The data >>
◆ ◆ ◆ ◆
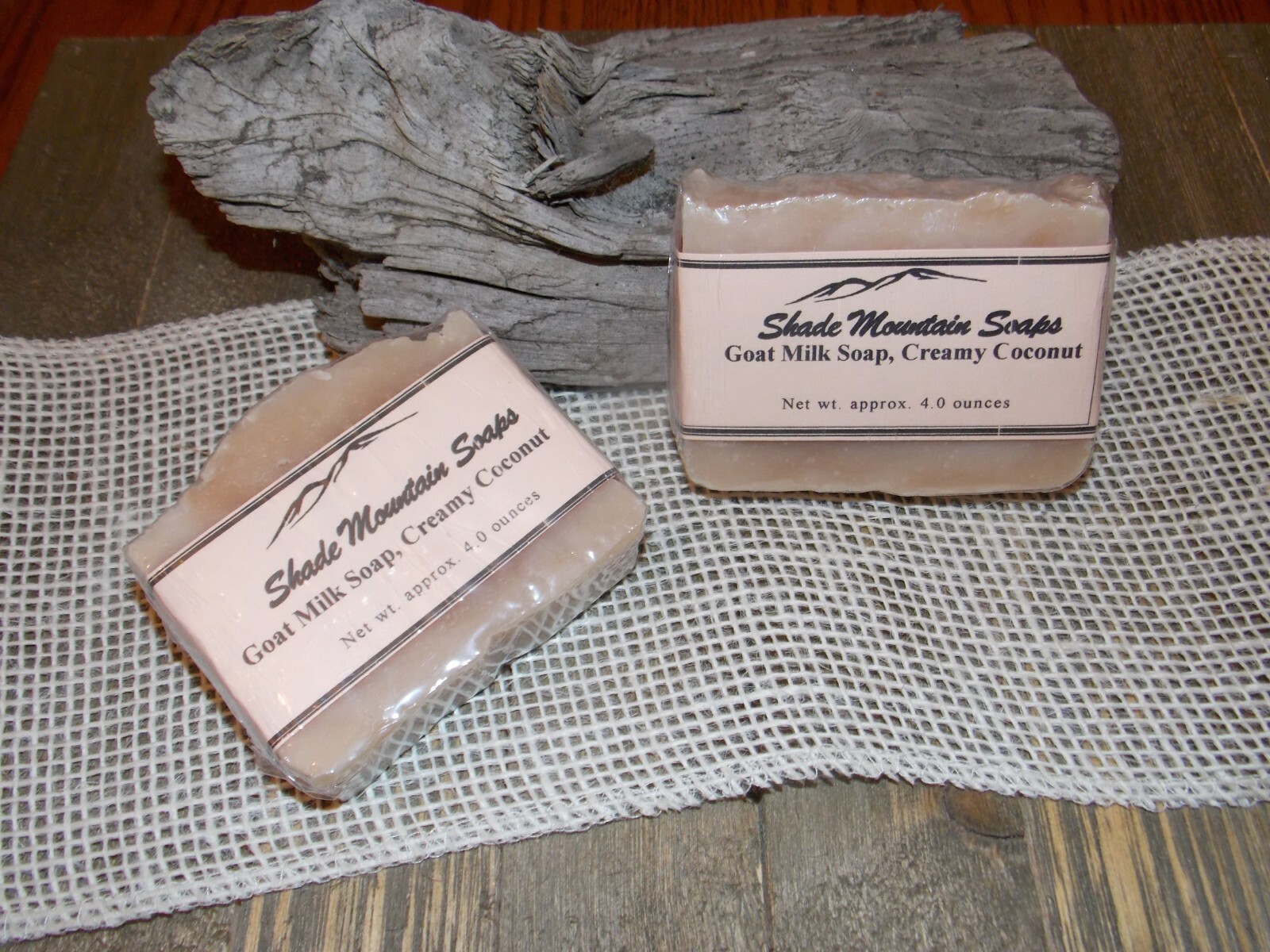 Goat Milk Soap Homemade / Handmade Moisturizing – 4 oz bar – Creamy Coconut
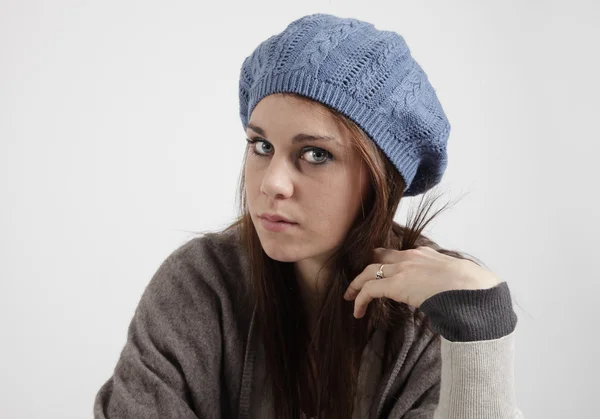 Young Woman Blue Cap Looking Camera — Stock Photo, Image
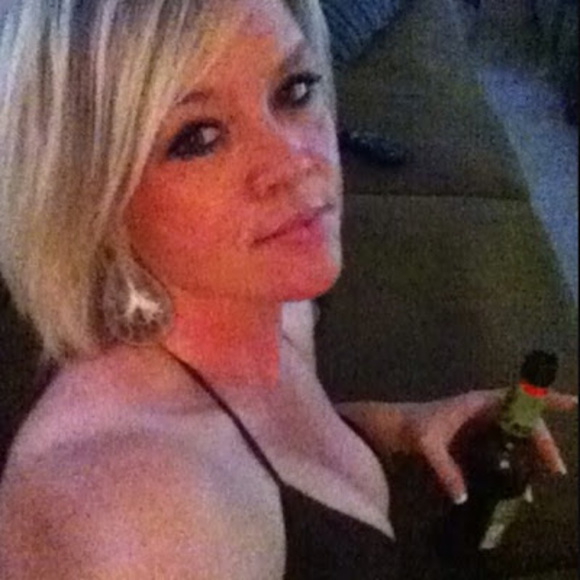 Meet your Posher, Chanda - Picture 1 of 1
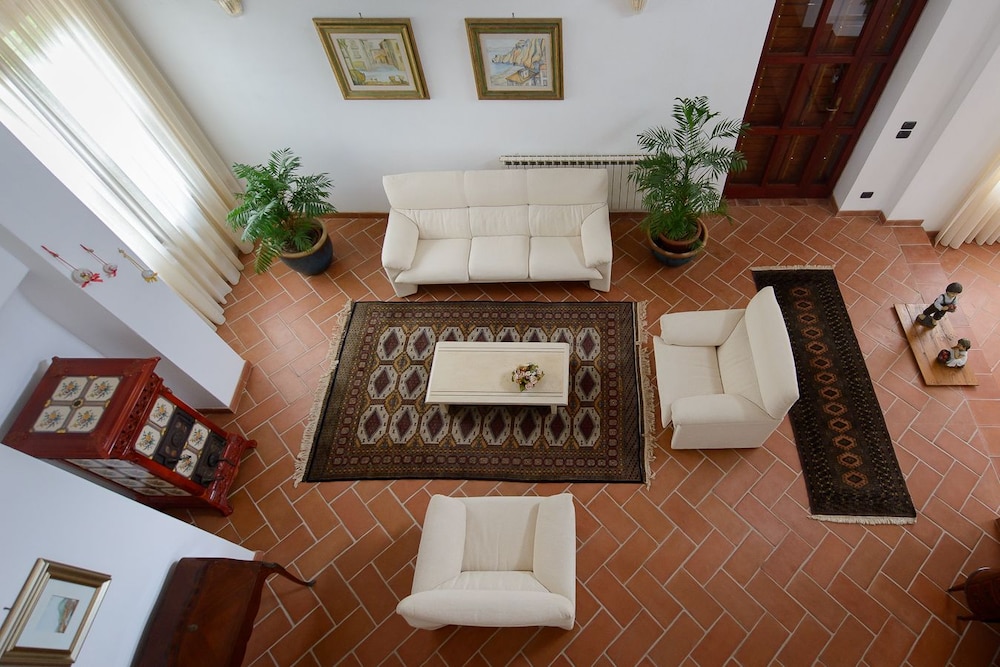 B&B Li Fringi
◆ ◆ ◆ ◆
The task >> Leave the images aside and retype each line of the listing above exactly.

Answer >>
 Goat Milk Soap Homemade / Handmade Moisturizing – 4 oz bar – Creamy Coconut
 Young Woman Blue Cap Looking Camera — Stock Photo, Image
 Meet your Posher, Chanda - Picture 1 of 1
 B&B Li Fringi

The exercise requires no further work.